> Given data
- Opening Delimiter -

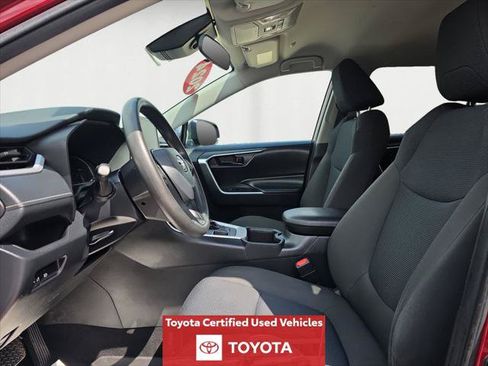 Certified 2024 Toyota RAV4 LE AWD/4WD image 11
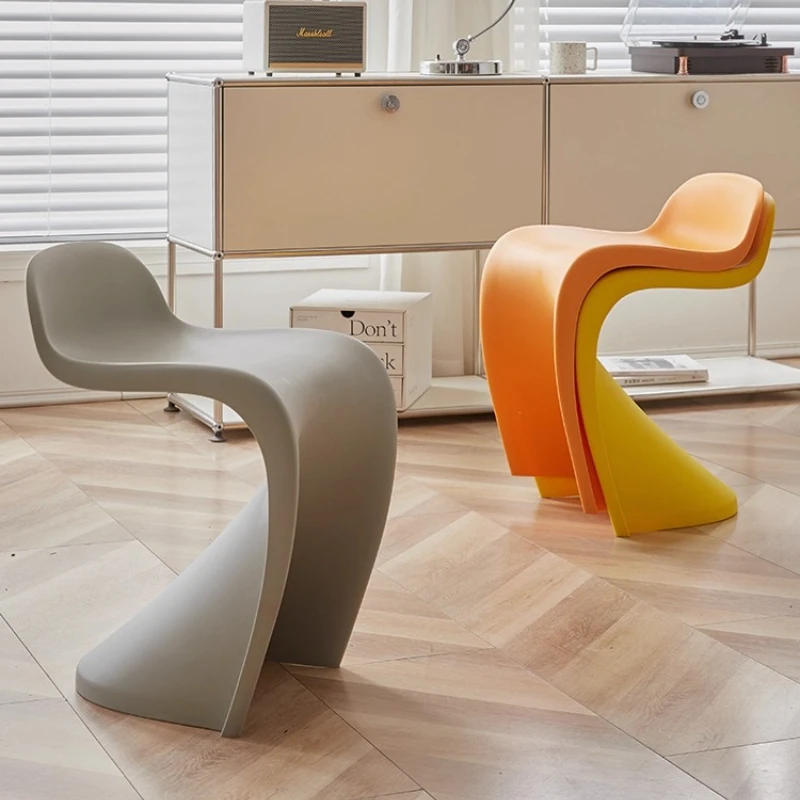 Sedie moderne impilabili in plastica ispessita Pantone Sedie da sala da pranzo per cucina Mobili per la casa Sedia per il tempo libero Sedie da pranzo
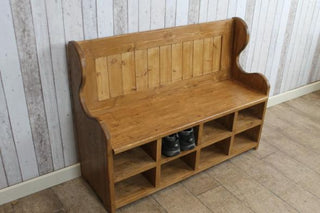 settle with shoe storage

- Closing Delimiter -
- Opening Delimiter -

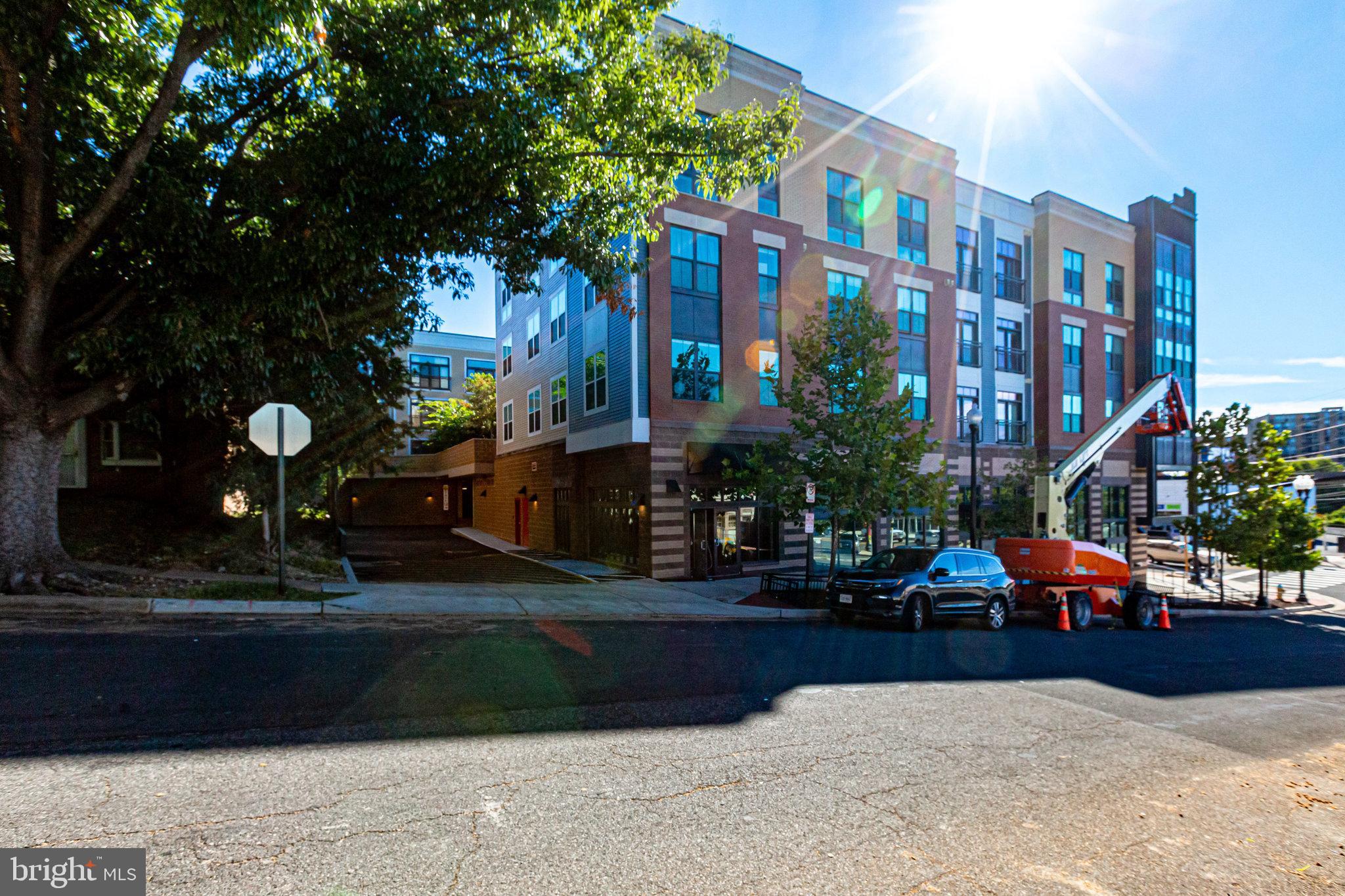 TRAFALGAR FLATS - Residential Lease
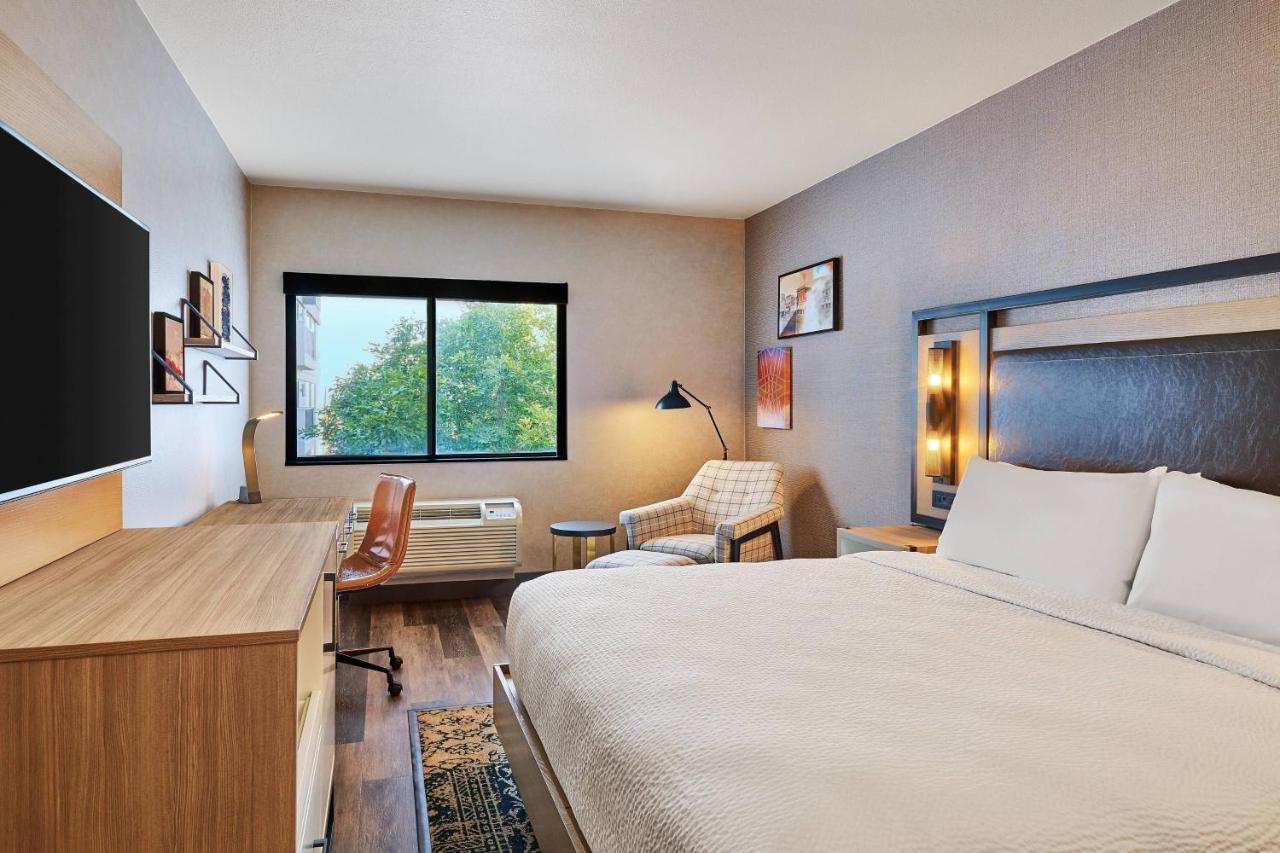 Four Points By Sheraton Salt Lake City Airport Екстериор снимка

- Closing Delimiter -

> What needs to be done
Once the line with "Certified 2024 Toyota" has been found above, output that line and every later line exactly, stopping after the line with "settle with shoe storage", and omit the pictures.

> Answer below
 Certified 2024 Toyota RAV4 LE AWD/4WD image 11
 Sedie moderne impilabili in plastica ispessita Pantone Sedie da sala da pranzo per cucina Mobili per la casa Sedia per il tempo libero Sedie da pranzo
 settle with shoe storage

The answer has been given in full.